SOURCE DATA
##########
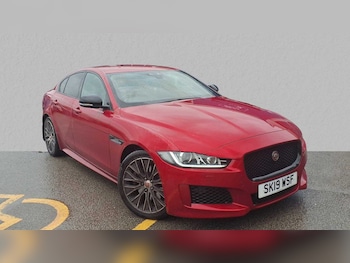 Used Jaguar XE 2019 for sale - 75555331: Photo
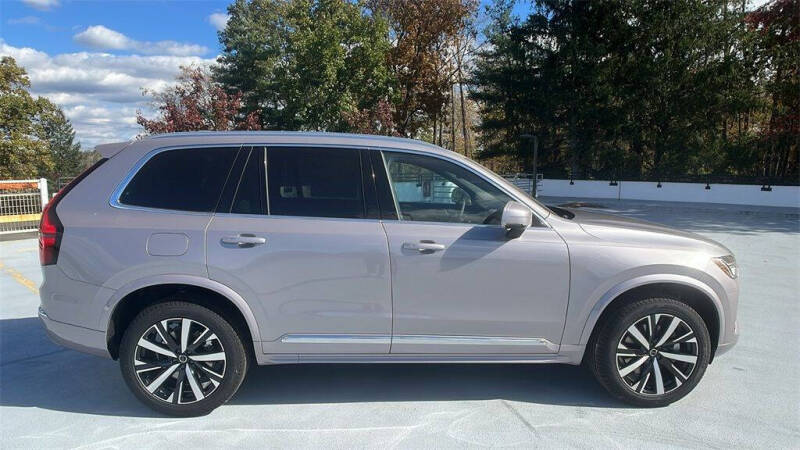 2026 Volvo XC90 B5 Core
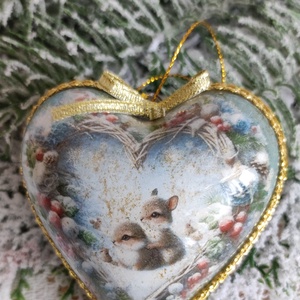 Szív alakú karácsonyfadísz bájos képekkel - karácsony - karácsonyi lakásdekoráció - karácsonyfadíszek - Meska.hu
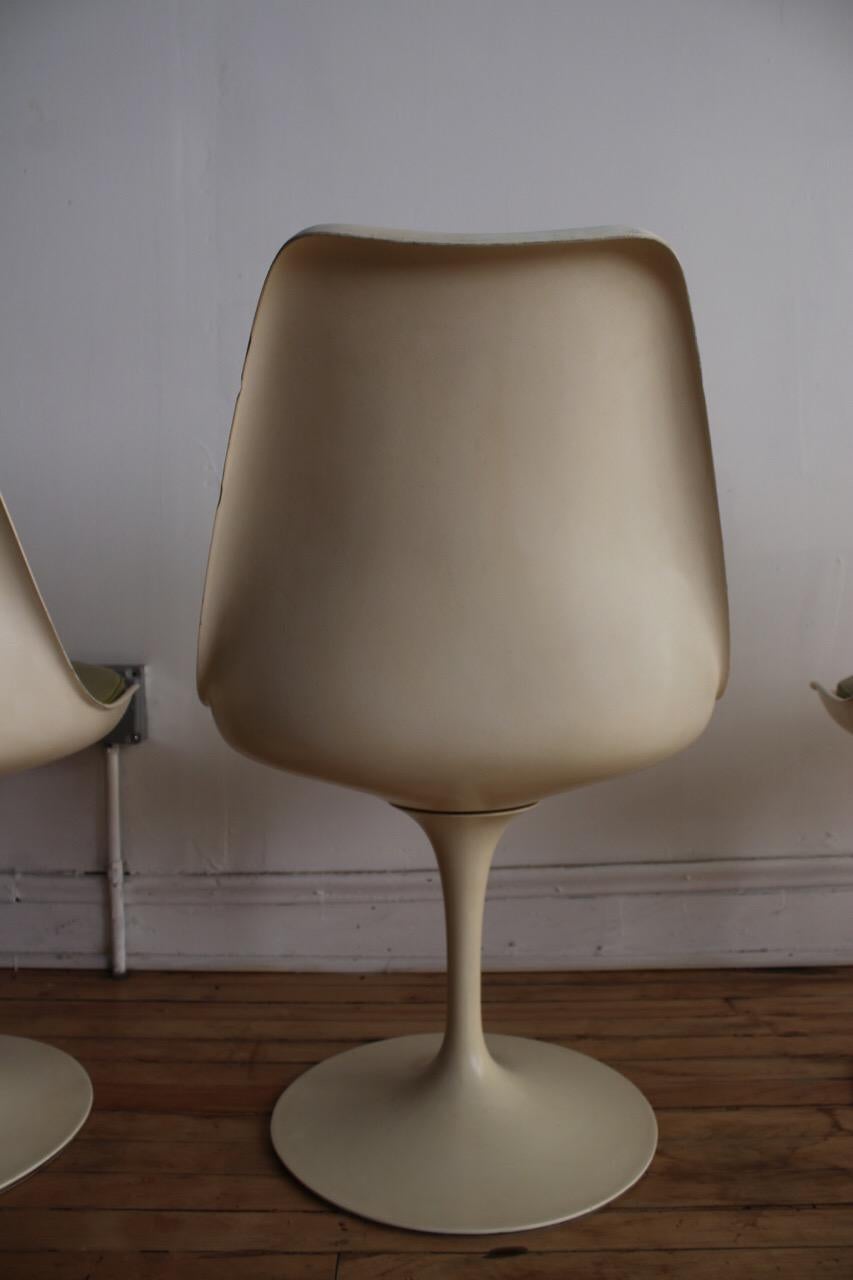 Set of 4 Eero Saarinen Midcentury Tulip Dining Chairs 1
##########
WORK ORDER
Only the text of the listing above is copied, exactly as written; its pictures are dropped.

COMPLETED EXERCISE
 Used Jaguar XE 2019 for sale - 75555331: Photo
 2026 Volvo XC90 B5 Core
 Szív alakú karácsonyfadísz bájos képekkel - karácsony - karácsonyi lakásdekoráció - karácsonyfadíszek - Meska.hu
 Set of 4 Eero Saarinen Midcentury Tulip Dining Chairs 1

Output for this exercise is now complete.